SB 38 would prohibit discrimination against pregnant workers, requiring employers to make a "reasonable accommodation."
Lyndi Trichsler, a Florence, Kentucky police officer, testified in support of the bill. She had been on the Florence Police Department for two years in 2014 when she got pregnant, and the problems began.
“Between my vest and my belt, it was about 30 pounds. My vest didn't cover half of my belly when I was still working on the road at that time,” Trichsler said.
Trichsler asked the department for desk duty, but the city of Florence denied the request. Trichsler said city officials told her requests for light duty applied only to employees who had suffered on-the-job injuries.
She filed a discrimination suit, and eventually won.

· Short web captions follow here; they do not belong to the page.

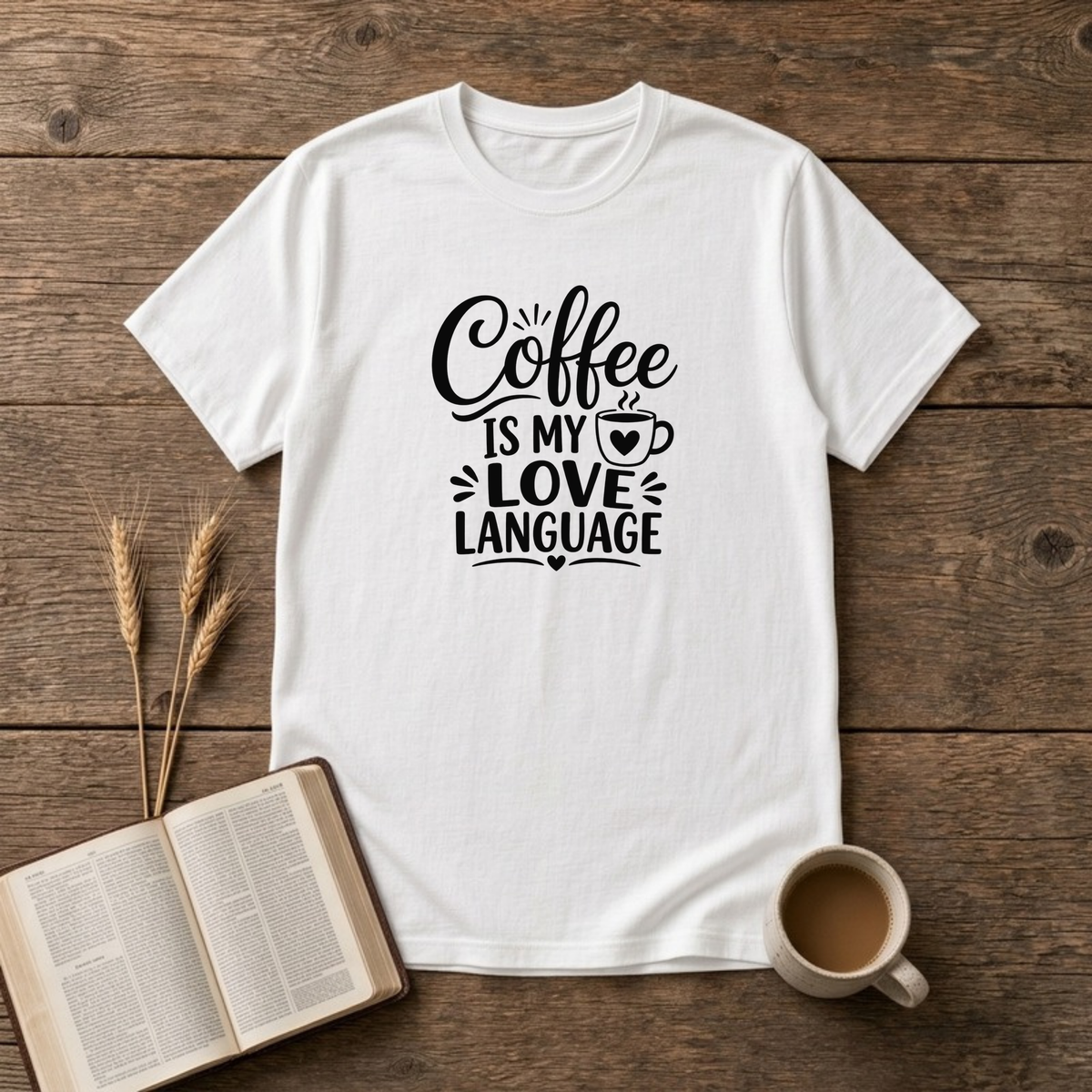 Coffee Is My Love Language design with black hand-lettered text and a heart-patterned coffee cup on a White unisex T-Shirt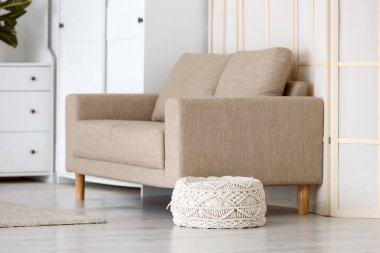 Oturma odasının iç tarafındaki gri kanepenin yanında örülmüş puf.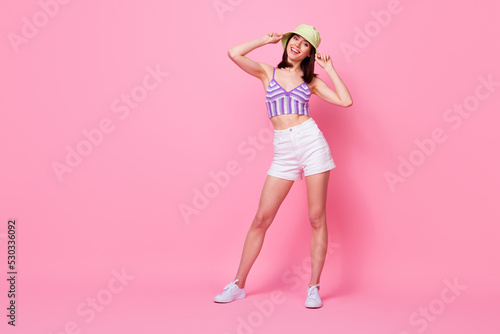 Full size photo of pretty lovely lady arms touch panama hat posing empty space isolated on pink color background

The city of Florence paid a settlement.
“I knew that it was very important. I knew that, maybe, if I didn't do it, no one else would,” she said.

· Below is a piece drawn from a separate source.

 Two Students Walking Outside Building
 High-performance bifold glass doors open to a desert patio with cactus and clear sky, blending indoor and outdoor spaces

Now Trichsler is fighting to help other women, telling lawmakers her story.
“If there had been a clear law in the books, then my co-workers and I would not have to be afraid of getting pregnant and having families,” she said.

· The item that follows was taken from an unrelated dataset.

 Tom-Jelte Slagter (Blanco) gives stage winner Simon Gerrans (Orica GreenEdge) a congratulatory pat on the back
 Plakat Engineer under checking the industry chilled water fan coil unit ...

SB 38 is sponsored by Republican Alice Forgy Kerr of Lexington.
“No woman in KY should have to choose between the health of her pregnancy, and her job,” she told her colleagues.
Even as some lawmakers voiced support for the bill, they raised concerns about how some employers could comply.
“Someone may work in a lumber yard or something, and perhaps there is no light duty available. There just simply isn't,” said Sen. Joe Bowen (R-Owensboro.)
Elizabeth Gedmark, of the advocacy group “A Better Balance”said the law does allow for situations when accommodation would present an “undue hardship.”
“First of all, they might be interested in developing that program for somebody like a pregnant worker or those that have disabilities. But to the extent that it would be an undue hardship, they would be exempt,” she said.
The bill was approved unanimously, and moves on to the full Senate.
“I think it's great for the future of working women in Kentucky. What I went through is pretty terrible, and I don't want anyone else to have to go through that at all,” said Trichsler.
The current version of the the bill applies to employers with 8 workers or more. But before a final vote in the Senate, there may be a move to change that threshold to 15 employees, and exclude even more small businesses.